Dans le groupe Casino, les dettes commencent à déborder de partout, les rumeurs sur d’éventuelles manipulations de cours boursiers commencent à circuler, mais ça ne trouble pas Jean-Charles Naouri, il se bat, il s’accroche.

Avec une dette nette pour le groupe de 6,4 milliards d’euros et une dette de la maison mère de 3 milliards. Jean Charles Naouri, sait très bien qu’il risque de perdre le contrôle de son groupe. Mais en dépit de tout, il espère garder l’intégrité du groupe, éviter l’éclatement et la vente au détail par un fonds un peu sauvage comme il en existe en Europe. Mais ça va être difficile.
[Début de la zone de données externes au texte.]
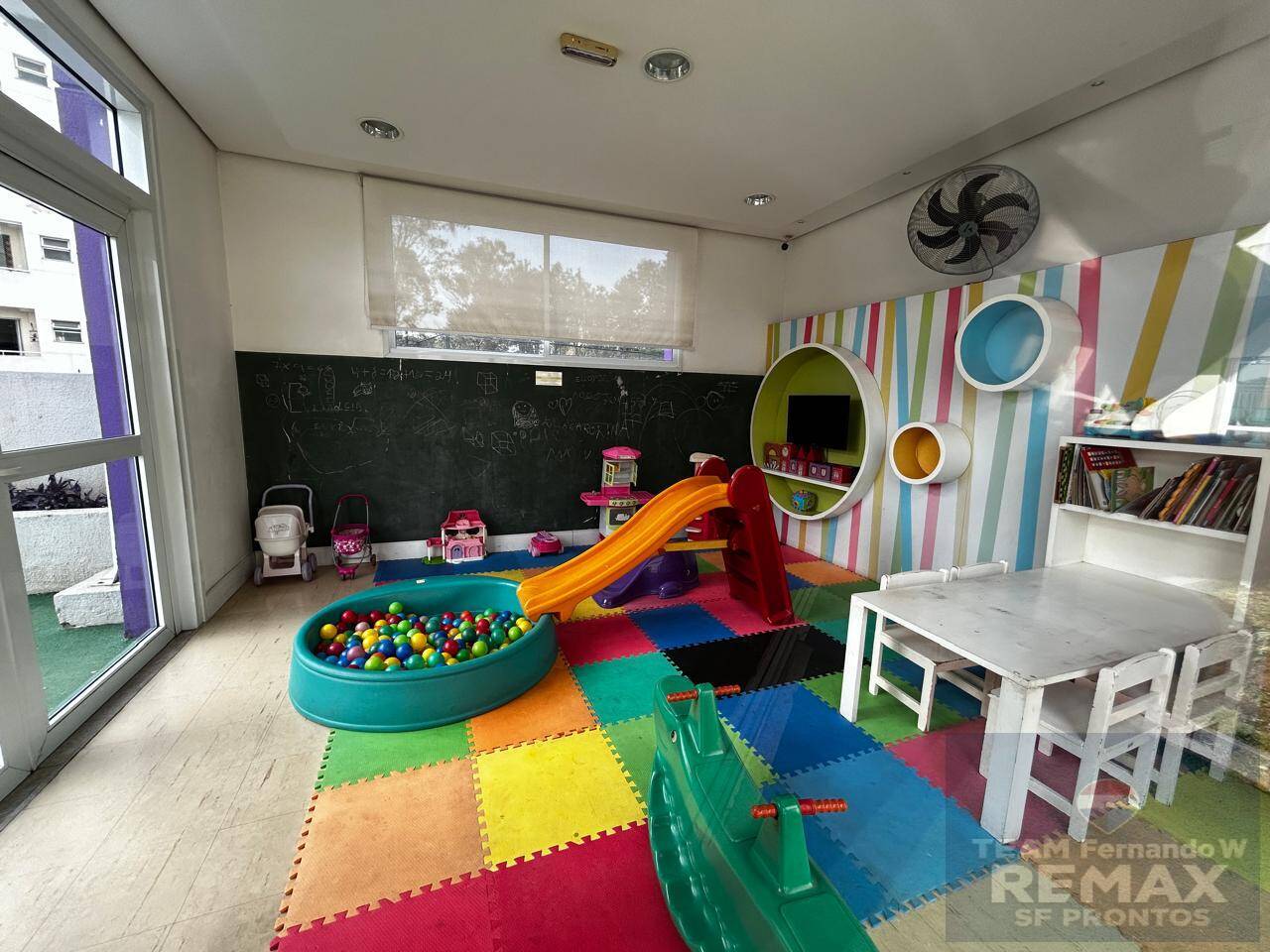 Apartamento, 3 quartos, 69 m² - Foto 16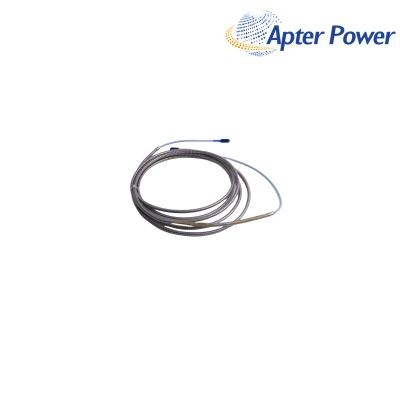 Bently Nevada 330130-040-11-05 3300 XL Standard Extension Cable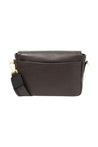 Bogner-Bogner - Damen Schultertasche Wallis Bar-Taschen-Black-Deal-Outlet-by-ARCHIVIST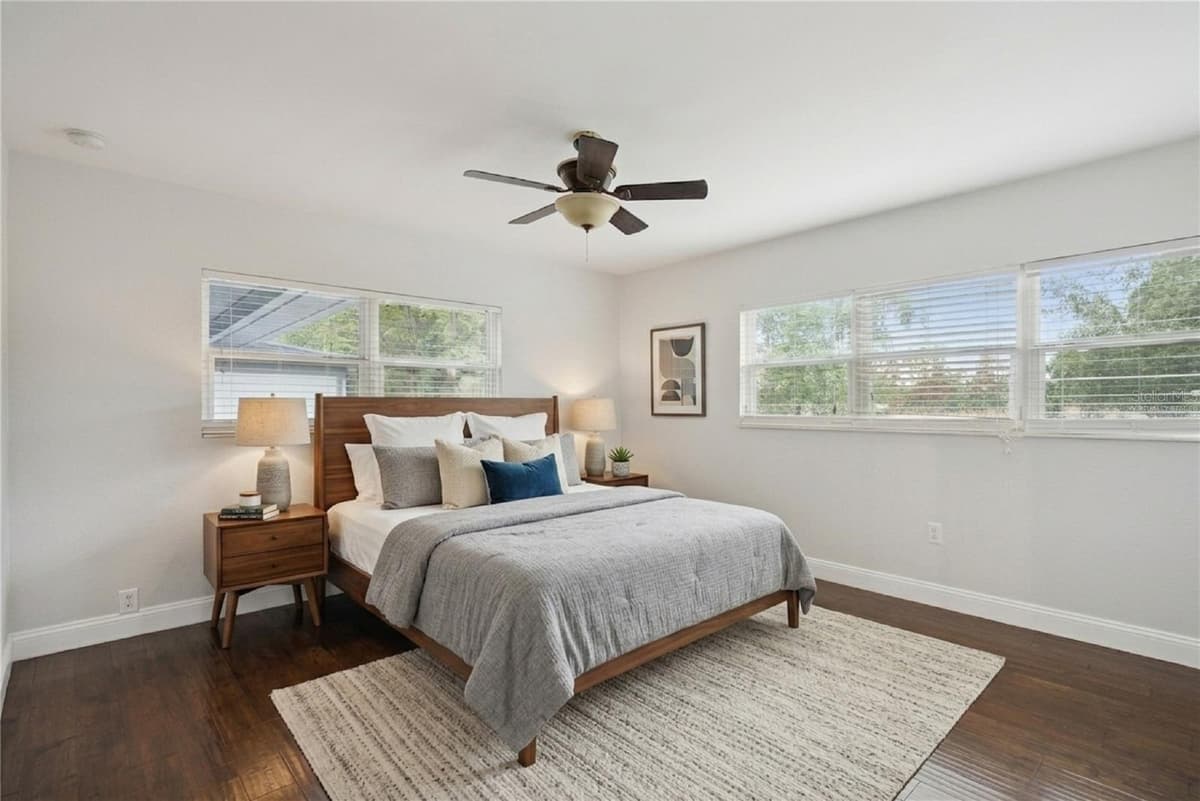 1231 LAKE SYBELIA DRIVE — photo 17 of 39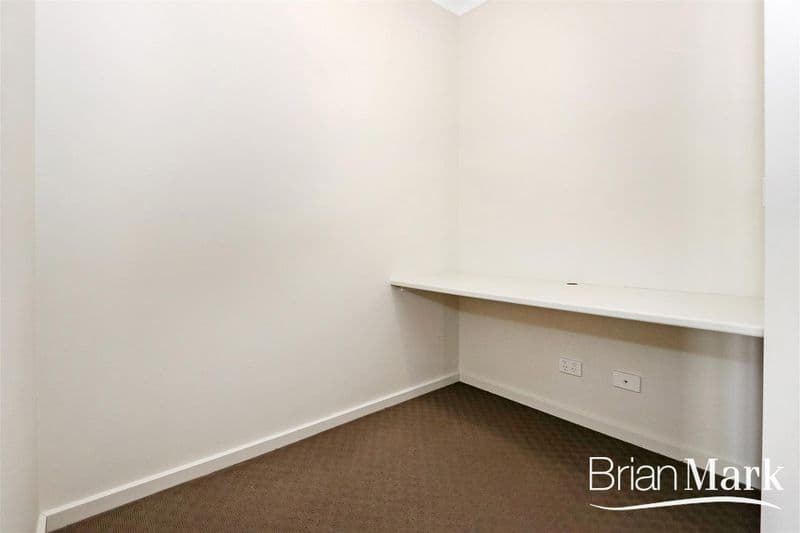 11 Wirruna Street, Werribee - Thumbnail 6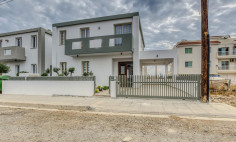 2 bedroom house for sale in Paralimni 2 bedroom house for sale in Paralimni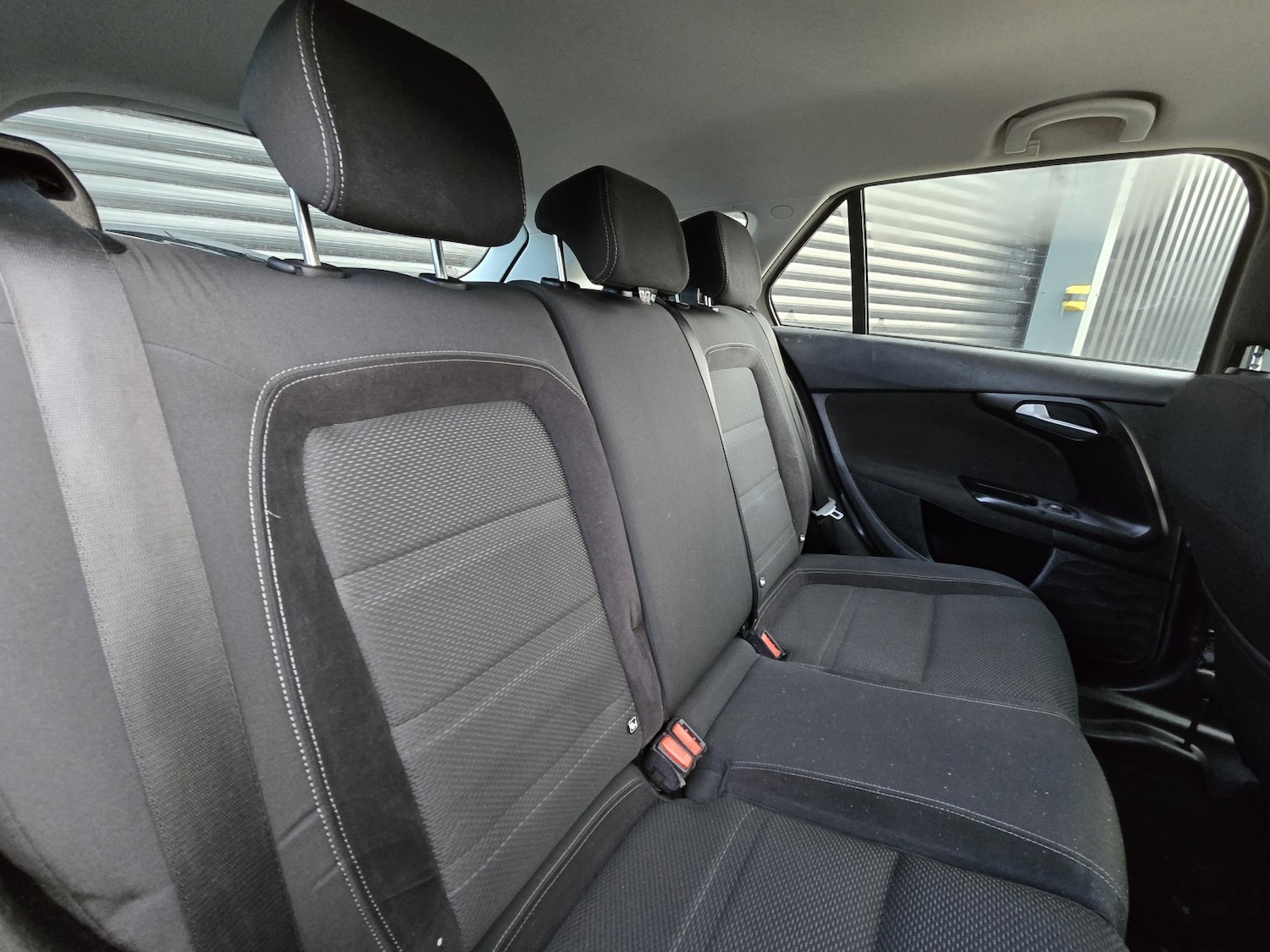 Used Fiat Tipo 2017 for sale - 76924510: Photo 3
Ce spécialiste de l’engineering financière se doute bien que l’intelligence  ne lui suffira pas. Il lui faudrait une stratégie industrielle, mais il est un peu tard.

Chez Carrefour, les dirigeants galèrent depuis plus de dix ans, et chez Auchan, ils sont en permanence en train de changer. Chez Leclerc ou chez Intermarché on joue sur la délocalisation et ça marche. Globalement le secteur tout entier se protège par une adaptation permanente aux effets de l’inflation, ou aux habitudes du consommateurs. Chez Casino, on ne sait toujours pas s’il faut jouer les petits prix, ou le haut de gamme, le bio ou le générique. Donc les marges fondent et le groupe a besoin de cash, de plus en plus de cash.
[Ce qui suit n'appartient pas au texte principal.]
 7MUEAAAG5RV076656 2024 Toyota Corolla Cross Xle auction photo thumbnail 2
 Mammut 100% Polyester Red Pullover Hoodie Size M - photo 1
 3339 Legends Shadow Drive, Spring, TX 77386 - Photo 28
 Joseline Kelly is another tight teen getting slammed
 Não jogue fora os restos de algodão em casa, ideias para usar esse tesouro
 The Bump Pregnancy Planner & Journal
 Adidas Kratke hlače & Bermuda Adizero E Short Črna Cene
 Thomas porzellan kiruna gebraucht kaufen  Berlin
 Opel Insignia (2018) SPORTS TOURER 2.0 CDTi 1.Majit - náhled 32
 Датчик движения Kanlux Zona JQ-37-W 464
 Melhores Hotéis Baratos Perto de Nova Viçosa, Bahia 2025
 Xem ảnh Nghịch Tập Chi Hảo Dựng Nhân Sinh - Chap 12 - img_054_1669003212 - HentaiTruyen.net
Le dépôt des propositions marquent la dernière étape, parce que les deux candidats ont une stratégie industrielle pour renouer le lien avec les consommateurs. En plus ils ont le cash nécessaire pour sauvegarder les finances tellement abimées.

Alors qui va décider. Juridiquement jean Charles Naouri devra le faire. Mais il n’a pas beaucoup de choix.